Ayer, en una reunión con amigos, charlábamos sobre viajes y lo que surgió tiene que ver con el libro que estoy corrigiendo, un libro académico que va a salir en Valencia (es donde puedo publicar mis investigaciones..., que son sobre literatura estadounidense). Hablábamos de Barcelona. Y de cómo cambió. Podría decirse que no conozco esa ciudad. La visité una única vez, en el 80, creo o 79, no me acuerdo bien, mi primer viaje a Europa con mis viejos. Invierno. Fuimos solamente porque papá tenía que ir por trabajo, no porque la eligiéramos. Estuvimos tres días. Era un lugar horrendo, deprimente, oscuro, sucio, aplastado por el hollín y el tránsito interminable.
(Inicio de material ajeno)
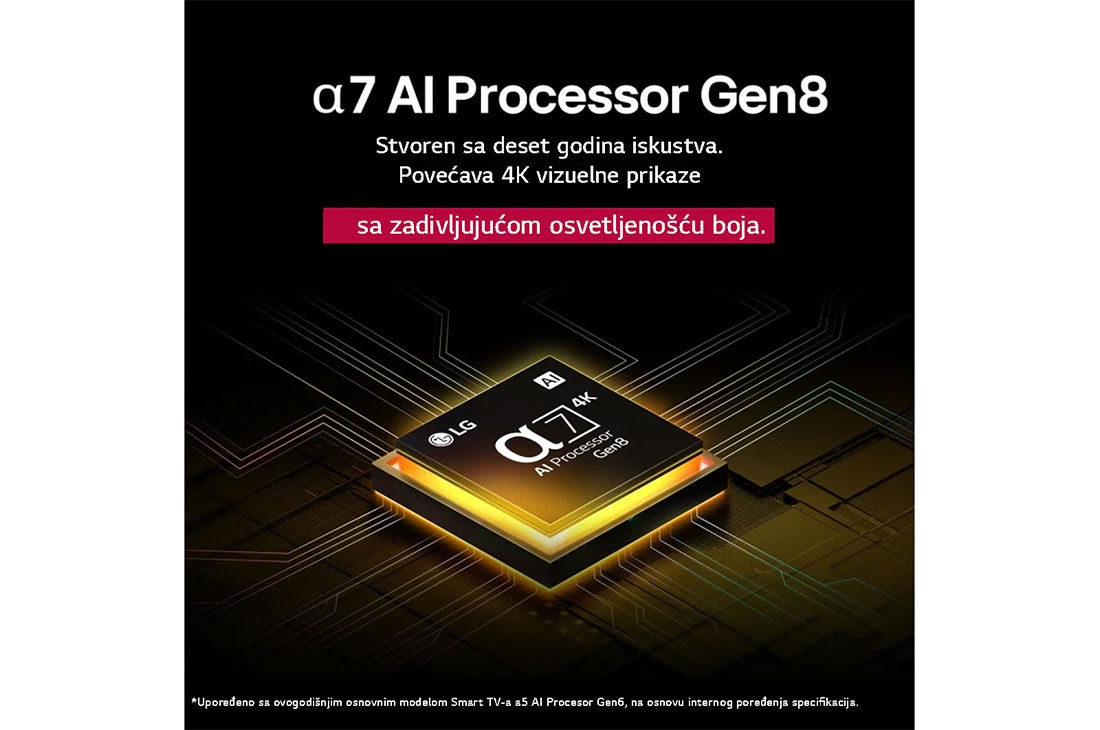 LG 43 inčni LG QNED evo AI QNED85 4K pametni televizor 2025, 43-inčni LG QNED evo AI QNED85 4K pametni televizor 2025, 43QNED87A3D, thumbnail 6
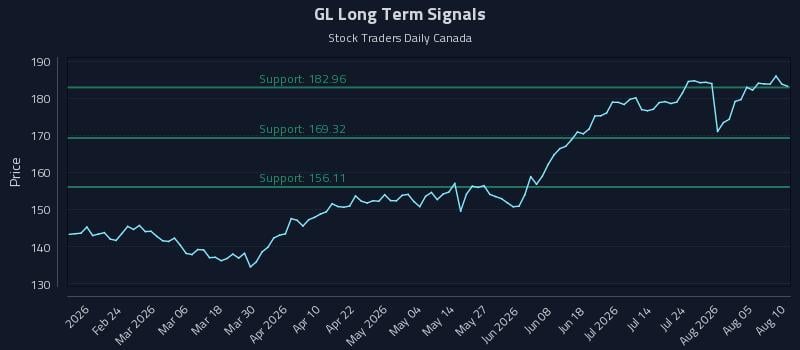 GL Long Term Analysis for August 10 2026 GL Long Term Analysis for August 10 2026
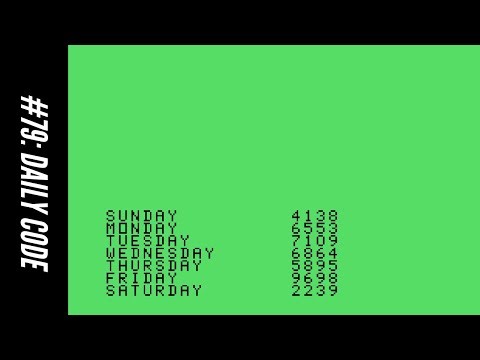 #79: Daily Code (101 Programming Tips & Tricks for the Texas Instruments TI-99/4A Home Computer)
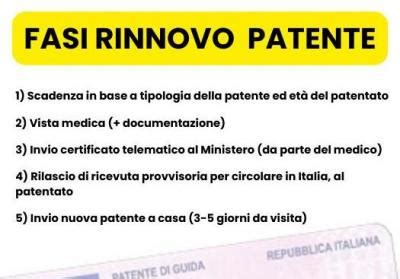 rinnovo patente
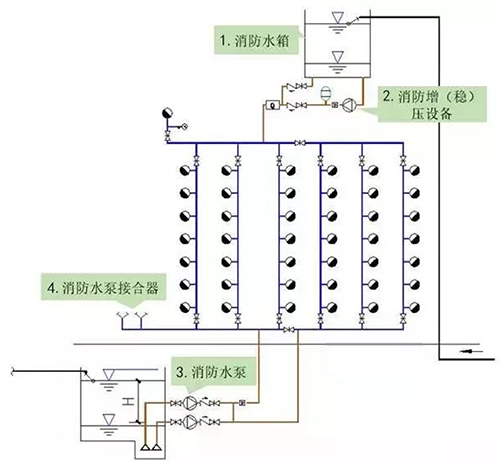 消防设施系统图,消防系统分哪几个系统  第1张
La odié. No recuerdo más que el deseo de irme, irme, irme. Seguir el viaje hacia ciudades que sí iban a gustarme, Roma, Londres, de las grandes; Venecia y Florencia de las chicas. Para mí, el resumen de esa visita fue "Tancat", cerrado, que veía en muchas puertas.
Las fotos que me muestran y los recuerdos de otros que fueron después la describen luminosa, bella, orgullosa... Yo nunca volví. Y ahora, cuando lo pienso, es evidente por qué: todavía se veía en ella la influencia de Franco y sus cuarenta años.
El espacio es tiempo y el tiempo es espacio. De eso estoy profundamente segura aunque nunca entendí (ni voy a entender) la teoría de Einstein.